What Do Arrests Data Really Say About NFL Players And Crime?

You can find all kinds of data about all the arrests in the NFL; tracking the alleged criminal behavior of football players has become something of a cottage industry unto itself. The San Diego Union-Tribune has a comprehensive database from 2000 to the present. Reddit user Mario Wolf has some charts on arrests sorted by team, division, and time of year. And The Sports Geeks offers a neat interactive timeline of all 664 incidents.

Context is a little harder to find. Six hundred sixty-four arrests seems like a lot. (Well, actually, given the news regarding Kaluka Maiava and Alfonzo Dennard within the last day, it's 666 arrests since January 2000. The NFL should root for one more arrest, ASAP.) That's a big, spooky number—big enough, especially when one of those 666 is Aaron Hernandez, to conclude the NFL has a Serious Problem. Does it?
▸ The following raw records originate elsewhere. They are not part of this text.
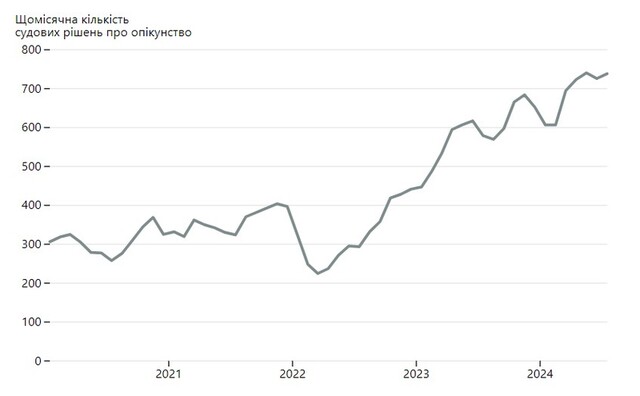 01.10.2024 -  dqxikeidqxidqrant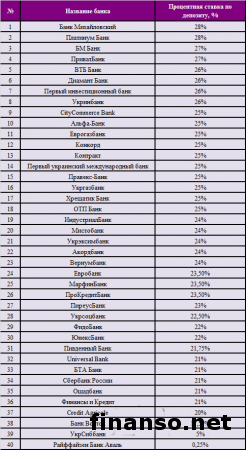 Названы ТОП-банков Украины с выгодными вкладами в сентябре 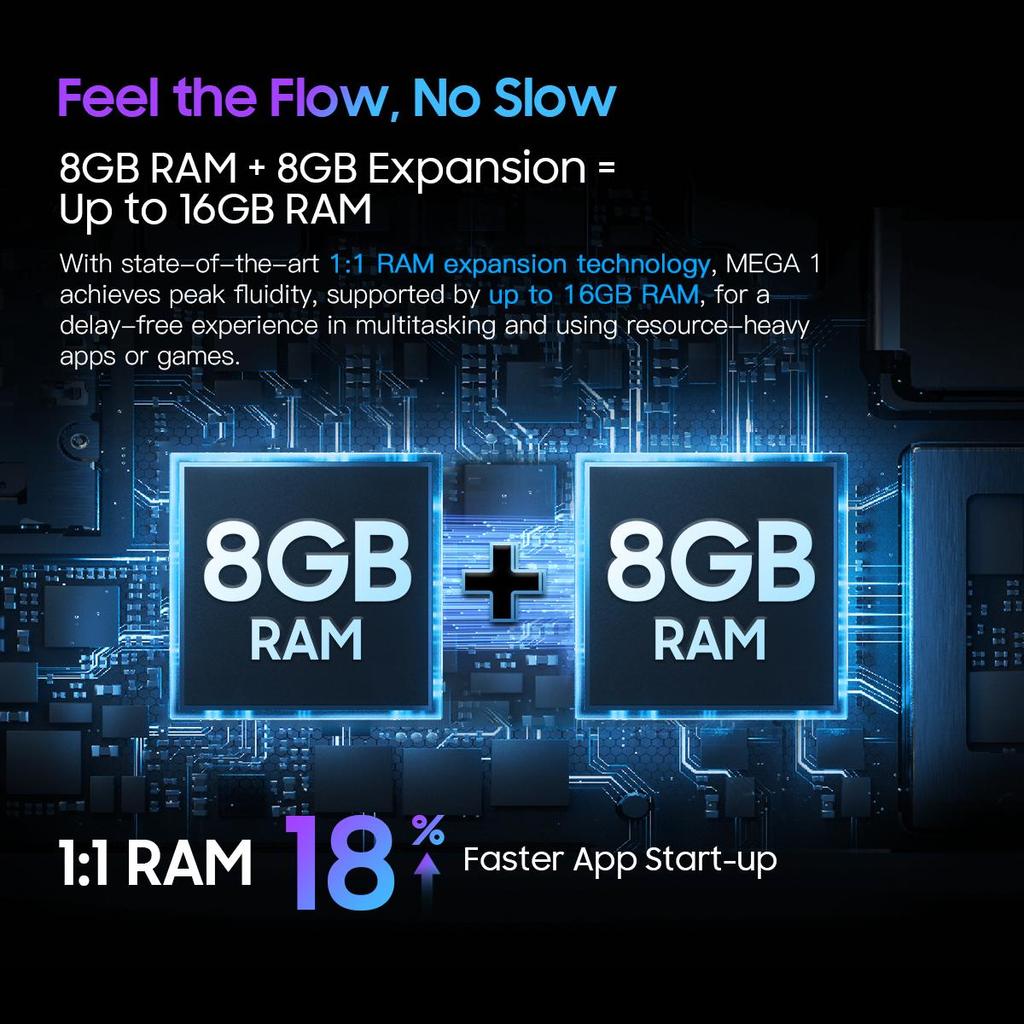 Repasovaný tablet Blackview MEGA 1 11,5 palce 8800 mAh Android 13 8 GB/12 GB RAM 256 GB ROM úložiště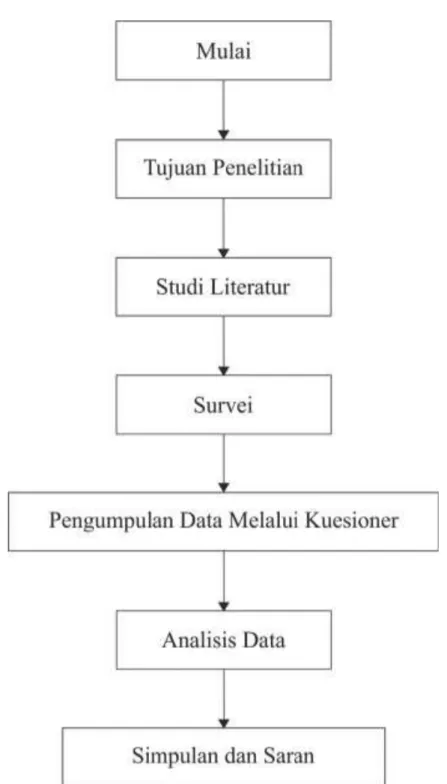 Gambar 1.1 Diagram Alir Penelitian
To assess, we calculated the yearly arrest rate per 1,000 NFL players, by type of crime, based on 1,696 active players each season (53 roster spots multiplied by 32 teams). One note: Each NFL season has more active players than roster spots, so the arrest rate we've produced here is actually a little overstated.

By my count, the three most common charges in the NFL database were DUI, assault/battery (including domestic violence), and drug possession, with 72 percent of all incidents including at least one of these charges. Below, we compare the NFL arrest rates for these offenses, plus weapons charges, to the arrest rates for the country as a whole in 2010.

At first glance, this looks not so great for the league. With 7.4 annual assault/battery/domestic charges per thousand players, the league saw 34 percent more arrests for these violent crimes than the general population; 8.3 annual DUI charges per thousand was 81 percent higher than the U.S. average; and 2.2 weapons charges per thousand was 324 percent (!) higher. NFL players faced only 4.2 drug charges per thousand, which was actually 20 percent lower than the U.S. as a whole.* (We can guess why: The NFL tests for recreational drugs during the season, so there's one good reason not to use them, and some drugs also make it awfully hard to compete at the highest athletic level.)

But comparing NFL players to the general population does us little good. NFL players are all adult men, and adult men are more likely to be arrested than the population at large. How do those numbers look?

Compared with their peers, these players were 11 percent less likely to get a DUI (8.3 per thousand compared to 9.4 for adult males), 23 percent less likely to get an assault charge (7.4 vs. 9.6), and 59 percent less likely to get a drug charge (4.2 vs. 10.4). The NFL's problem is the one Bob Costas identified: NFL players were still more than twice as likely as the average man to face a weapons charge (2.2 vs. 1.0).

(One last note: The average NFL player is younger and blacker than the average American adult male, factors which make him even more likely to be arrested. We opted not to adjust for those factors, in favor of producing the most straightforward comparison.)

*73 percent of NFLers' drug arrests were for weed only, compared to a national average of around 50 percent.